(Caption-style text data)
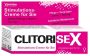 CLITORISEX - Vágykeltő krém nőknek 40 ml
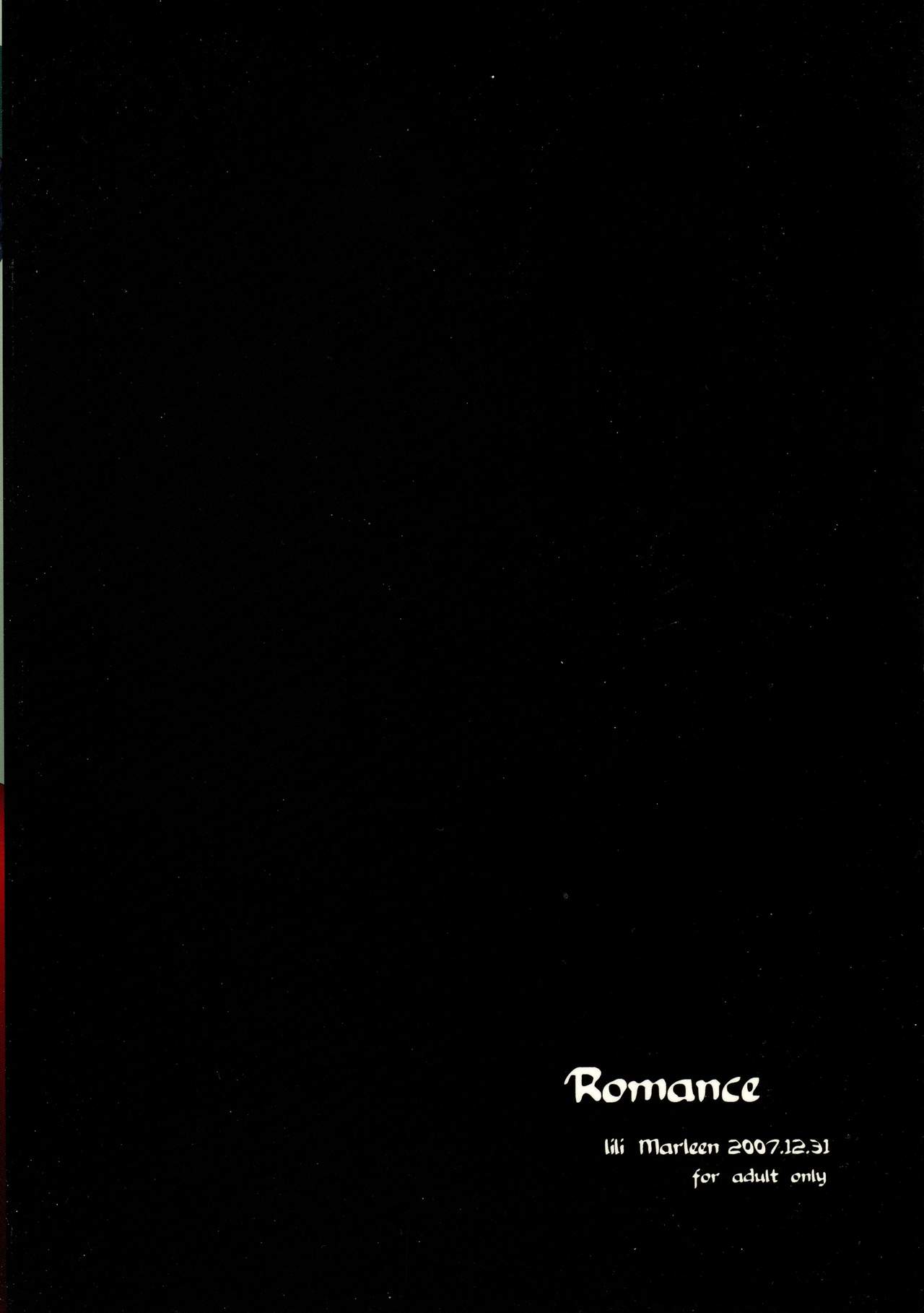 Romance page 2 full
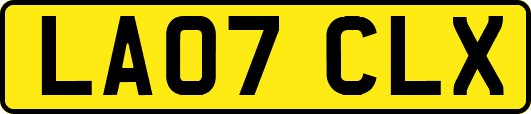 LA07CLX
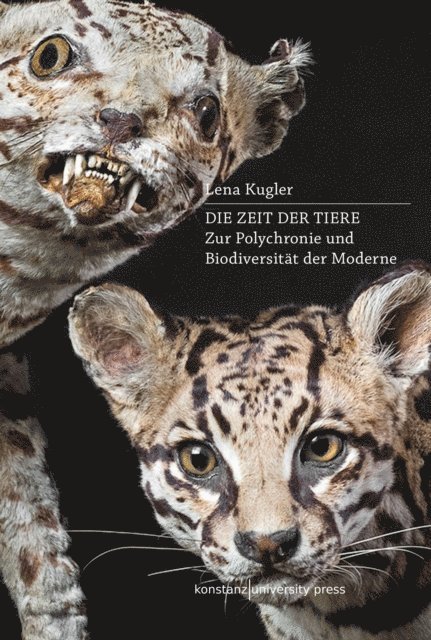 Lena Kugler - Die Zeit der Tiere, E-bok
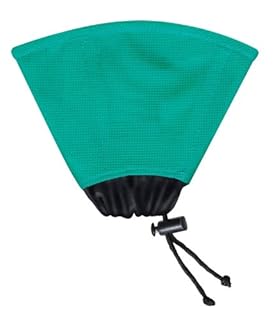 KONG EZ Soft Collar for Cats & Small Dogs - Size Small - Pet Recovery, Injury, & Post-Surgery E-Collar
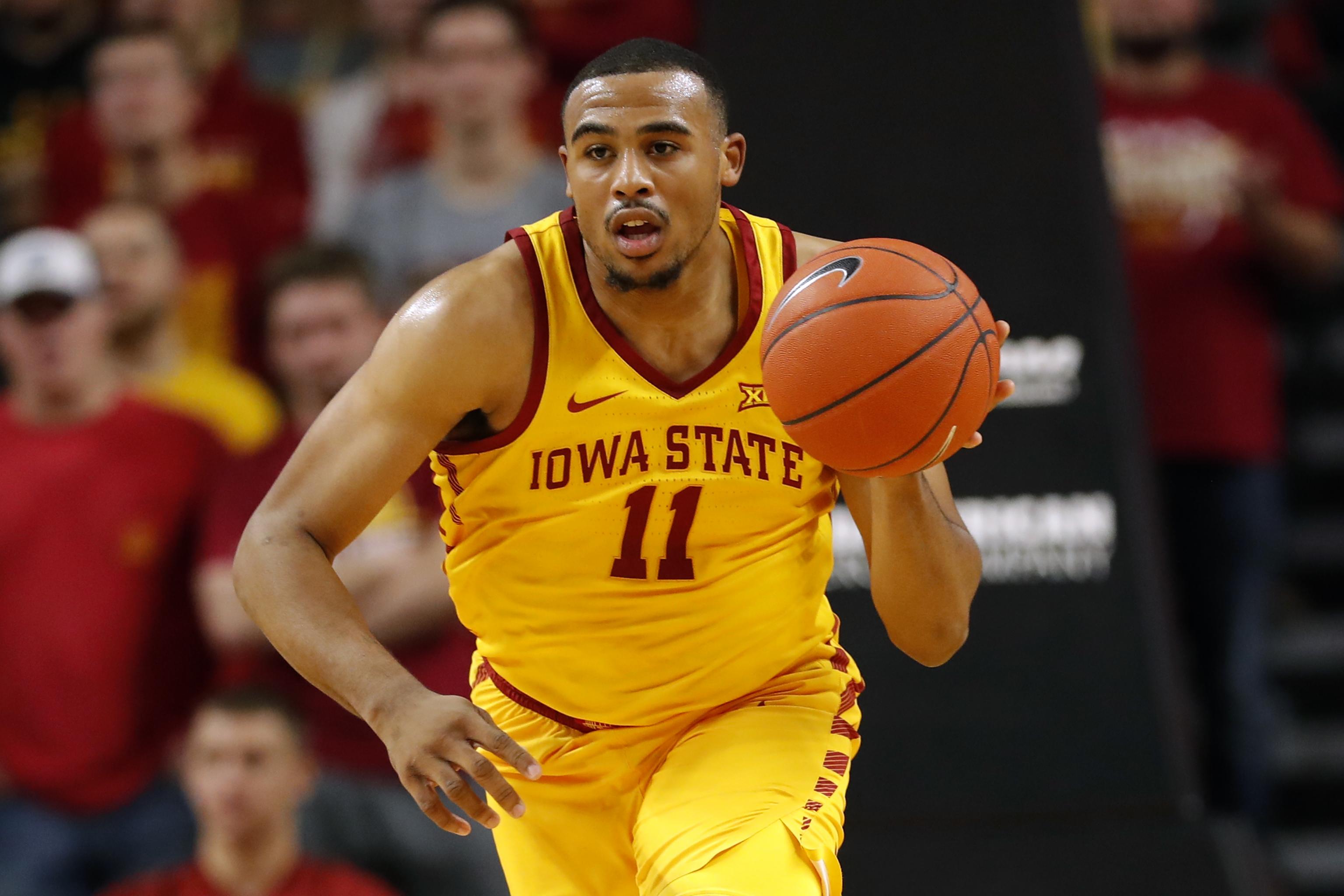 2019 NBA Draft Profile: Talen Horton-Tucker, Iowa State University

§ TASK GOAL: Nothing but the lines from the one containing "Lena Kugler - Die Zeit der Tiere, E-bok" through the last line of the records above should appear, each repeated exactly, with no pictures.

§ OUTPUT FOR THIS TASK:
 Lena Kugler - Die Zeit der Tiere, E-bok
 KONG EZ Soft Collar for Cats & Small Dogs - Size Small - Pet Recovery, Injury, & Post-Surgery E-Collar
 2019 NBA Draft Profile: Talen Horton-Tucker, Iowa State University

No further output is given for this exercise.